> [PROVIDED MATERIAL]
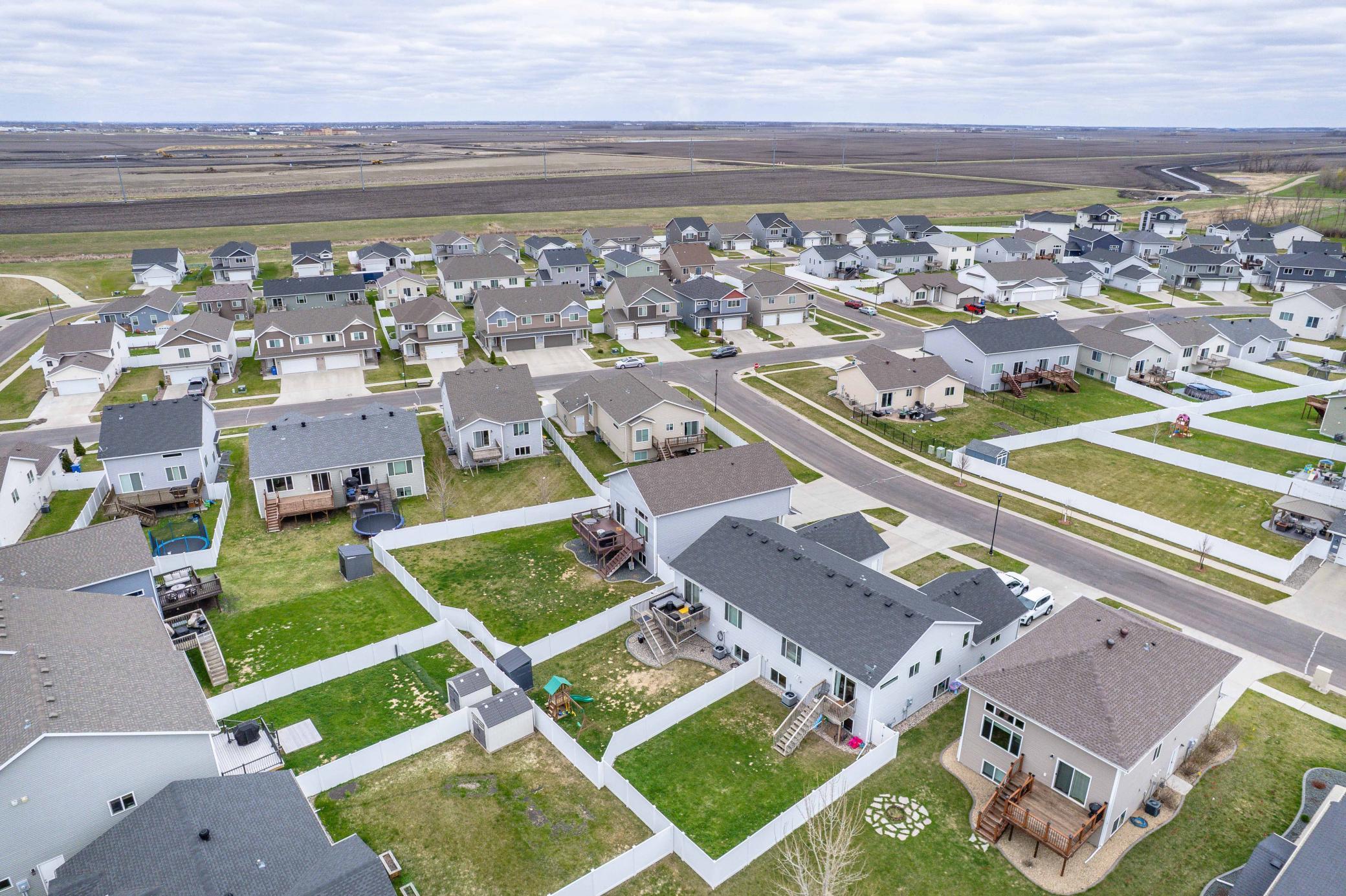 6039 60th Ave S Fargo-308.jpg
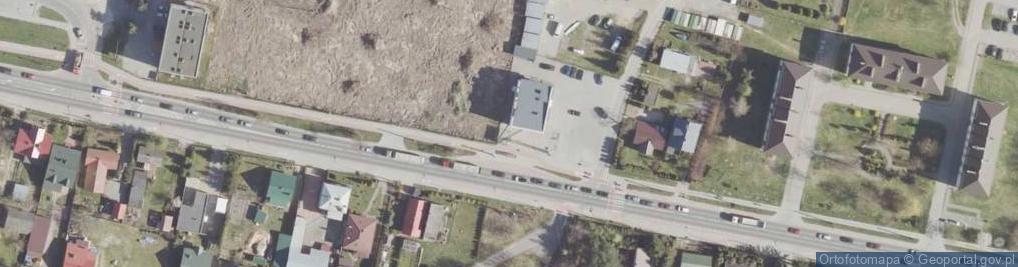 Zdjęcie satelitarne Paczkomat InPost TRA13M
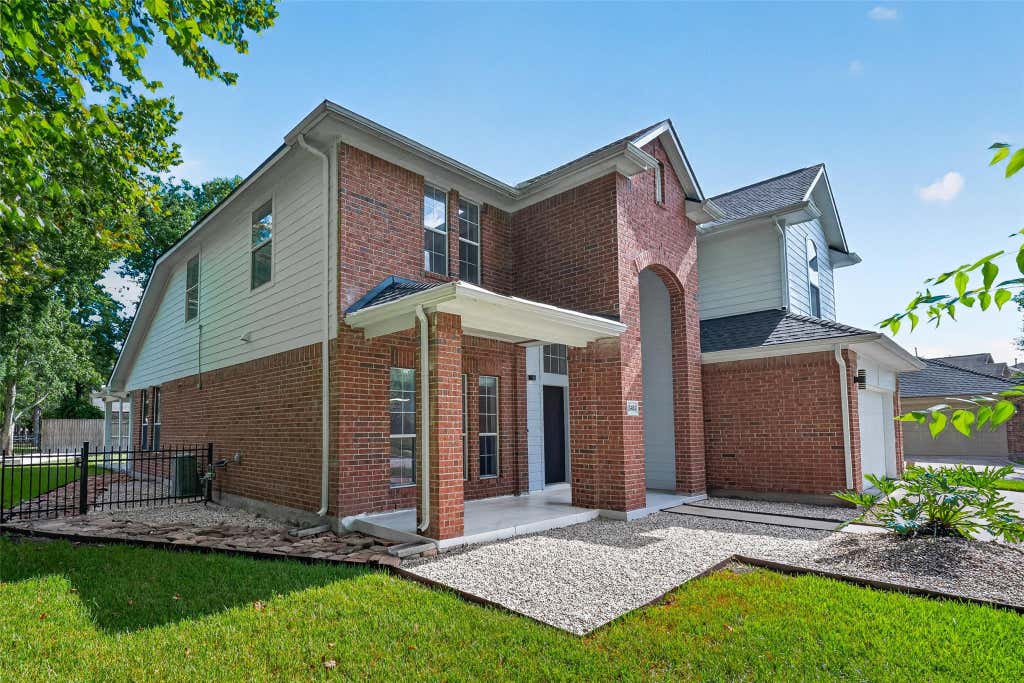 Photo of 13403 Summer Villa Lane, Houston, TX 77044 (MLS # 63582947)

> [AIM OF THE EXERCISE]
Every line of the data should be copied as it stands, without the images.

> [WRITTEN SOLUTION]
 6039 60th Ave S Fargo-308.jpg
 Zdjęcie satelitarne Paczkomat InPost TRA13M
 Photo of 13403 Summer Villa Lane, Houston, TX 77044 (MLS # 63582947)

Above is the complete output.